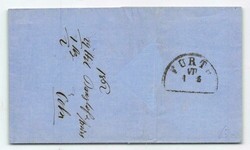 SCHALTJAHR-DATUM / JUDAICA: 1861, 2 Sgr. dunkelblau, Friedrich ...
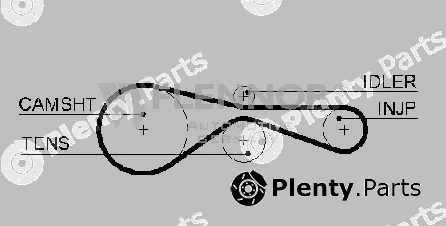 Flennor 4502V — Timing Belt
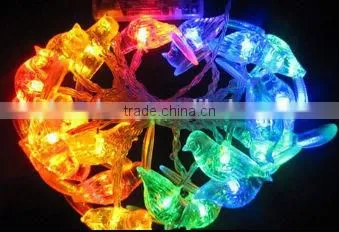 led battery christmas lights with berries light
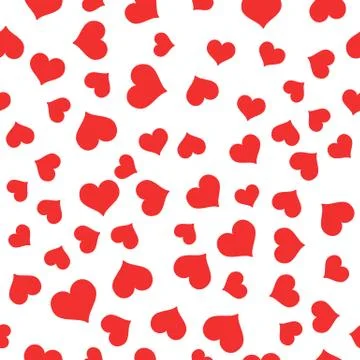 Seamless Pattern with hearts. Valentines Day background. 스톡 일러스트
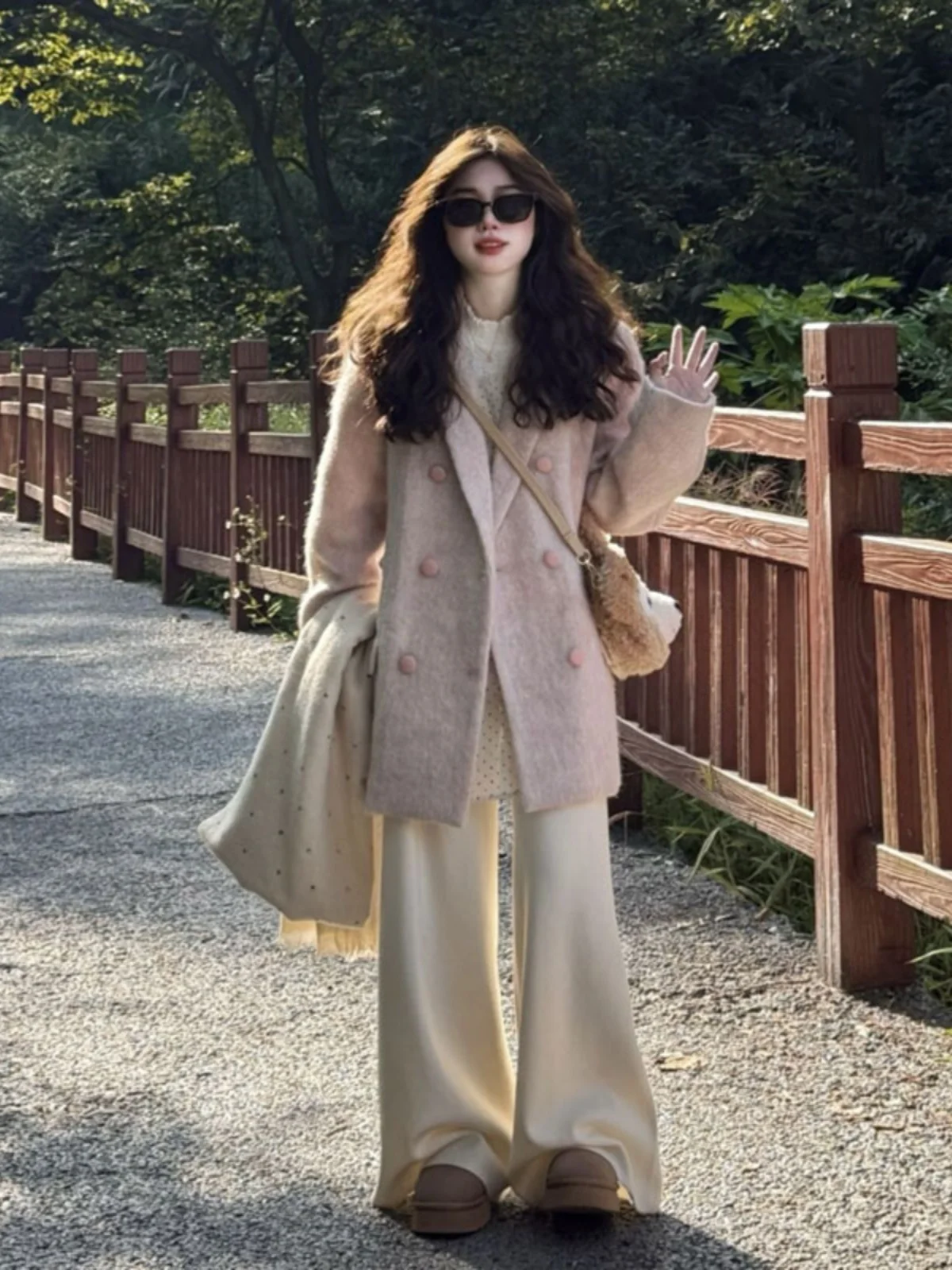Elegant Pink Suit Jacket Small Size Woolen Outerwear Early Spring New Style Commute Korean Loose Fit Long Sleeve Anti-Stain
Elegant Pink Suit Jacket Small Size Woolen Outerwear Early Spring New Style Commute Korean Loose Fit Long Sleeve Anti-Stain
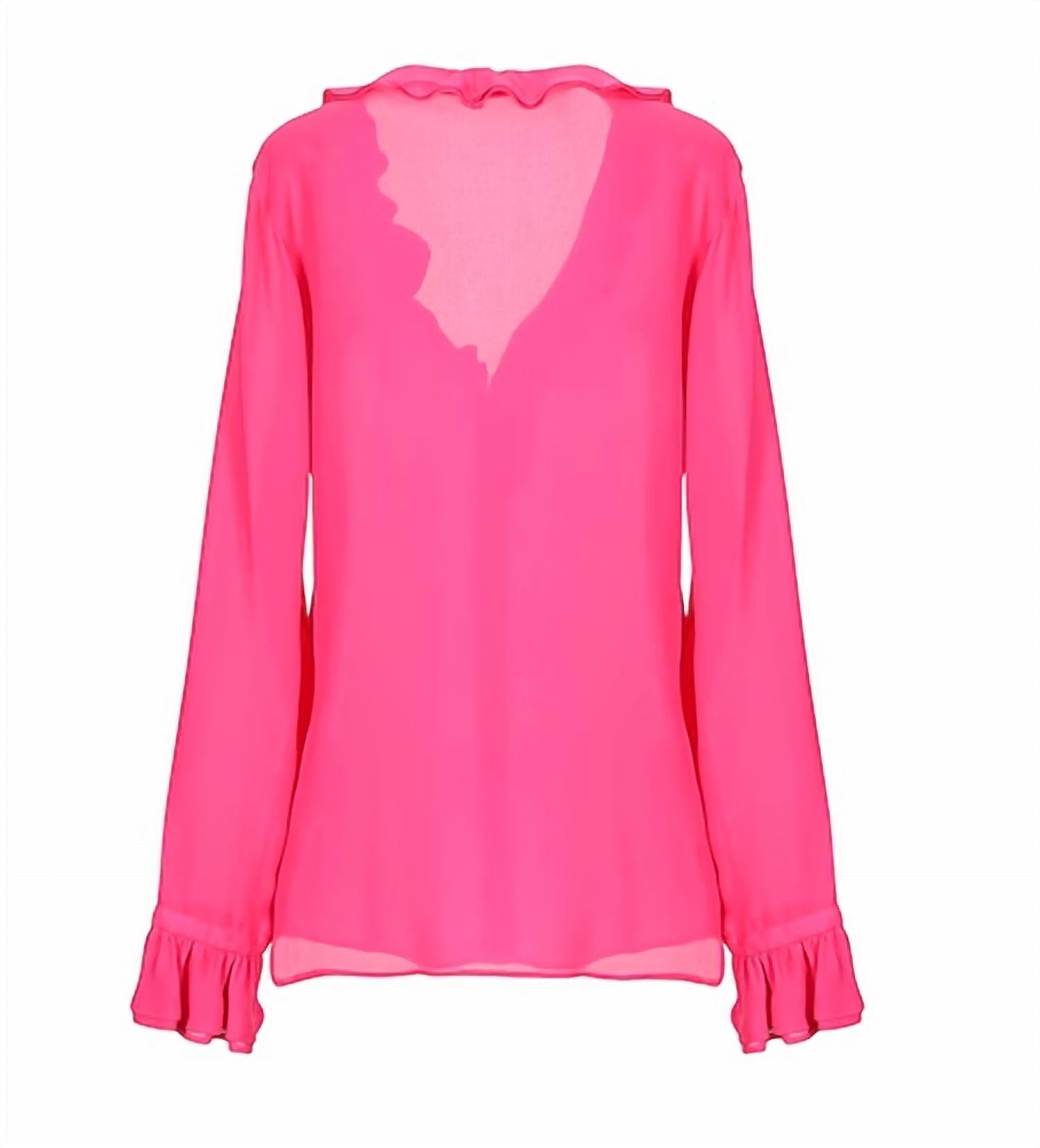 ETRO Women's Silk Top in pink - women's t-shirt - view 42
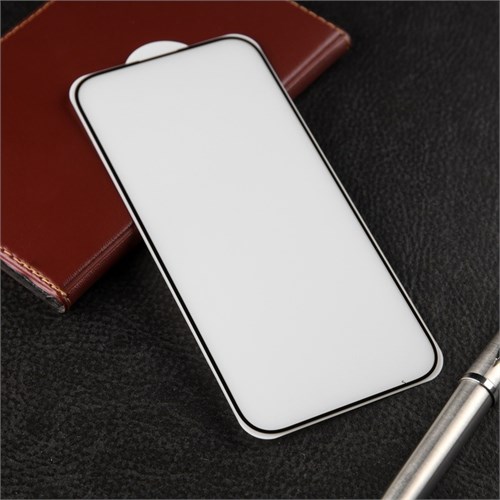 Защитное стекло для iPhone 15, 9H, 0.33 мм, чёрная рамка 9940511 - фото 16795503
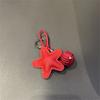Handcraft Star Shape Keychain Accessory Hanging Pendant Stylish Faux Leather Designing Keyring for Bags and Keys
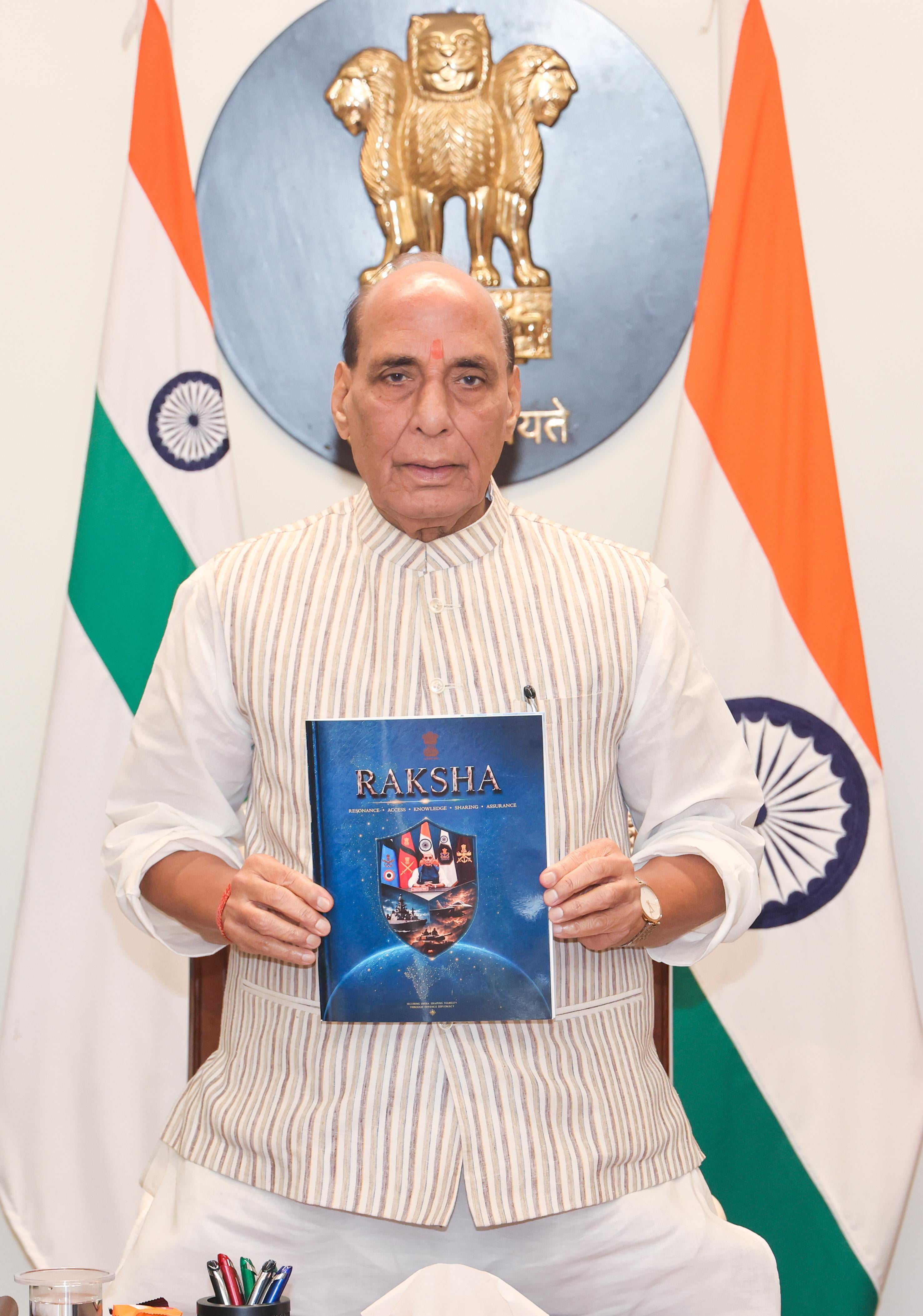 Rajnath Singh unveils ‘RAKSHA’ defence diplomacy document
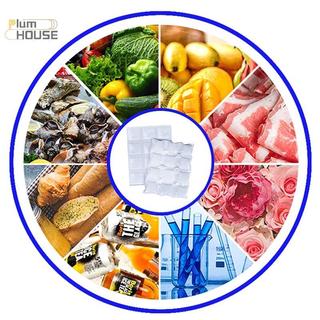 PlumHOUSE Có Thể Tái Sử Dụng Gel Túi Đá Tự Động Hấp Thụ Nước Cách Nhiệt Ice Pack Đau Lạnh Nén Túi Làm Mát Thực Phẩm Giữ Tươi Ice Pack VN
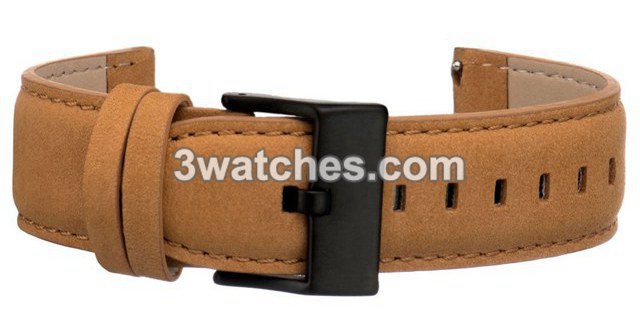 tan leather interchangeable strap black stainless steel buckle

■ ■ ■ ■ ■

**TASK ITEM**
Give every entry again as it is, dropping its pictures.

**YOUR SOLUTION**
 SCHALTJAHR-DATUM / JUDAICA: 1861, 2 Sgr. dunkelblau, Friedrich ...
 Flennor 4502V — Timing Belt
 led battery christmas lights with berries light
 Seamless Pattern with hearts. Valentines Day background. 스톡 일러스트
Elegant Pink Suit Jacket Small Size Woolen Outerwear Early Spring New Style Commute Korean Loose Fit Long Sleeve Anti-Stain
Elegant Pink Suit Jacket Small Size Woolen Outerwear Early Spring New Style Commute Korean Loose Fit Long Sleeve Anti-Stain
 ETRO Women's Silk Top in pink - women's t-shirt - view 42
 Защитное стекло для iPhone 15, 9H, 0.33 мм, чёрная рамка 9940511 - фото 16795503
Handcraft Star Shape Keychain Accessory Hanging Pendant Stylish Faux Leather Designing Keyring for Bags and Keys
 Rajnath Singh unveils ‘RAKSHA’ defence diplomacy document
 PlumHOUSE Có Thể Tái Sử Dụng Gel Túi Đá Tự Động Hấp Thụ Nước Cách Nhiệt Ice Pack Đau Lạnh Nén Túi Làm Mát Thực Phẩm Giữ Tươi Ice Pack VN
 tan leather interchangeable strap black stainless steel buckle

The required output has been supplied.